Now it's some months after the event, and Sarah is visiting a screenwriter (she has already written a book), with plans to make a film of her story. She is accompanied by I think the term was 'narrative guider' (or something to that effect), and they begin with the intention of focusing the film on the aftermath of the disaster - the positive, cathartic steps Sarah has taken towards acceptance and recovery. This is, of course, the optimistic view. However, Sarah (influenced by the boss-man and screenwriter) soon begins to realise - like Candide before her, at the destroyed Lisbon port - that you can't magically make everything positive: the horror of the trauma always remains. 


Segway back to Candide, and some of the original Voltaire re-emerges (this chopping and changing really was exhausting). We meet Candide in the city of El Dorado, an isolated, rural utopia, where people love freely (as we are all 'each other' they affirm), have ample time for work and play and make all decisions in a democratic manner. Bingo, Candide thinks - he's hit the jackpot. Yet, holes in their lifestyle's quickly begin to emerge: Candide cannot believe that they do not mourn a dead man - we're all the same they insist, he lives in us - and eschew precious metals as worthless rubble. Candide decides to leave El Dorado. As it turns out, a world without selfish individualism, without grief, without greed - however manmade and evil those traits may be - is quite boring. It is here that we see Voltaire's second emphatic rejection of the optimistic theory (the first being Candide's horror at the earthquake): reality, he affirms, is beleaguered by both good and bad. A life of only good, a life lived by Leibniz' optimistic theodicy, is somehow unreal - as the RSC reflects in the day-glo colours and hazy smoke of the trippy El Dorado set - and ultimately unpleasant. This scene is filled with the laugh-out-loud comedy that I remembered experiencing originally reading Voltaire, as Candide straps himself to a sheep laden with balloons - pockets filled with gold - and willingly, nay ecstatically returns to a world of avarice and despair: optimism has dramatically failed. 

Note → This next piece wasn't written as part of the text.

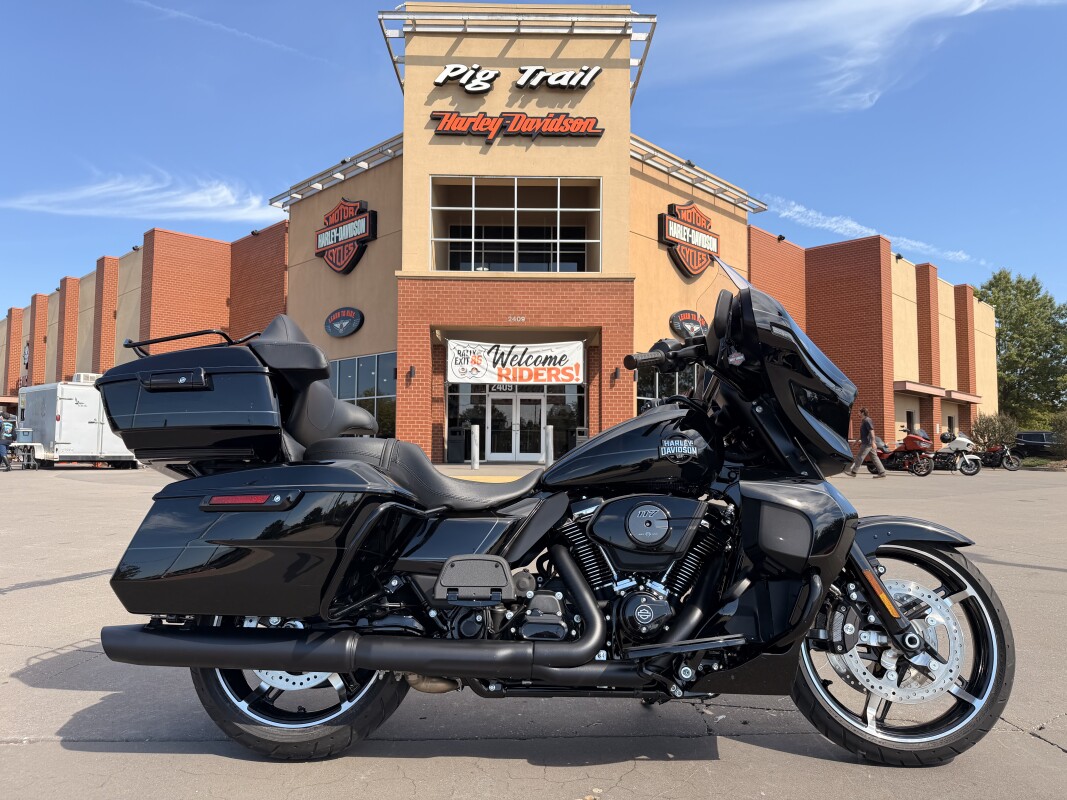 2025 Harley-Davidson Street Glide Ultra Vivid Black - Black Finish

While in this scene the rejection of optimism is a good thing, in the next it is not. Here we see Sarah send Hannah (the narrative shaper) away, claiming she does not need her - literally banishing all optimism from her story. Sarah and the writer go and create a new script that is dramatically inflated and completely devoid of any positive slant, featuring all the possible suffering in the world, the rapes and ravishing and disembowl-ments and betrayals of the Candide tale. Sarah argues that she and Candide are kindred spirits, and only suffering can answer suffering. Although I didn't particularly like the acting or the actress (Katy Stephens just doesn't do it for me - I don't know why!), I see what Ravenhill was attempting to communicate; although suffering is a natural part of life, if negativity is made supreme, it is as dangerous as a purely optimistic existence. Suffering engenders suffering, but to wallow and thrill in it - as Sarah now seems to do - is anti-cathartic, unnatural, inhuman. As with all things, there needs must be balance. 

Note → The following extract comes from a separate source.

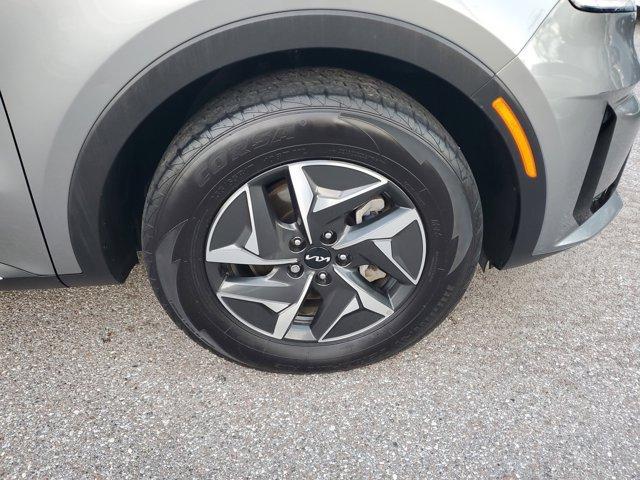 used 2023 Kia Sorento Hybrid car, priced at $25,930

The next scene jumps forward once more, to the futuristic, sterile 'Pangloss Institute' where Sarah (her film created) is on an exhibition tour displaying artefacts from Candide's life. An info-graphic informs us that Pangloss (must be around 400 years old now - all realism has gone out of the window, absurd!) has manufactured a drug to make all humans optimistic (particularly disturbing in light of the NHS' current goto method for curing depression), imposing a worldwide, forced compliance to his theory - Pangloss is the bad guy, what?! Anyway, Sarah demands conference with Candide (his body is preserved and he comes back to life - I told you it was weird), and informs him of Pangloss' plan. She is interrupted, however by a surprise guest (yep, gets even weirder), Cunegonde (Susan Engel). Cunégonde is not the stunning, buxom beauty she once was, but a time-ravaged, 300 year old woman, trailing a shabby dress behind her. Cunegonde begs Candide to fufill his promise and kiss her - battered as she is - successively listing the multiple horrors she has suffered and endured, all in the hope that Candide will 'one day' kiss her. Engel is a commanding, passionate and talented actress, and although she is on stage for a mere five minutes, she steals the show. Over 300 years Cunegonde has preserved the optimistic fervour all characters in the play so far have lost, and the accreting anger and frustration in her cries for a kiss evidence the desperation of a theory worn thin by consistent abuse. I like this reversal at the end. In Voltaire's story Candide is the protagonist, and Cunegonde's personal journey is overlooked. Ravenhill has shown in Candide and Sarah that optimism can falter, but here he presents a character who sticks with it - for better or worse. Yet she is not happy, Cunegonde is distinctly unhappy. She ultimately achieves her wish (very disturbing to see a 20-ish-year-old 'snogging' a 70-plus-year-old on stage, but there you go), yet it is tinged with ambivalence. Was it worth it? Did the years of optimism help? What was the alternative, to lay down and die? Everyone has to believe in something, after all. Technically, the play doesn't end on this moment - Sarah returns to stage and slits her wrists, but this is just so pathetic and gratuitous, and such an obvious attempt to draw the several threads of the plot together that I just can't tolerate it - but it was certainly the moment I find myself dwelling on.      



Sarah Engel as Cunegonde


Overall, I think Ravenhill has done well enough in his attempt to diversify an old tale. But my question is, did we need the modern references in order to 'get' the message? Is that not a link the theatre audience could have made on their own. We know some people live in luxury while others starve, we know that people use technology as a distraction from everyday life, and we also know that 'happiness' is, more often than not, unattainable. Personally, I don't feel like the blind amoeba Sophie (and vicariously Ravenhill) seems to tell me I am, wandering around cherishing a vain notion of idealistic living just around the corner, and selectively turning a blind eye to the world's suffering. I liked Candide, but it insistently felt like it was trying to tell me something about myself, or about society, that I already know: Ravenhill was preaching to the choir. The RSC's Candide could have done with being a smidgen less didactic, a lot less faux-modernistic, and a heap more faithful to the text. 


*** Three stars. 


* All direct quotations from John Butt's 1947 translation of the original, published by Penguin Classics 1982.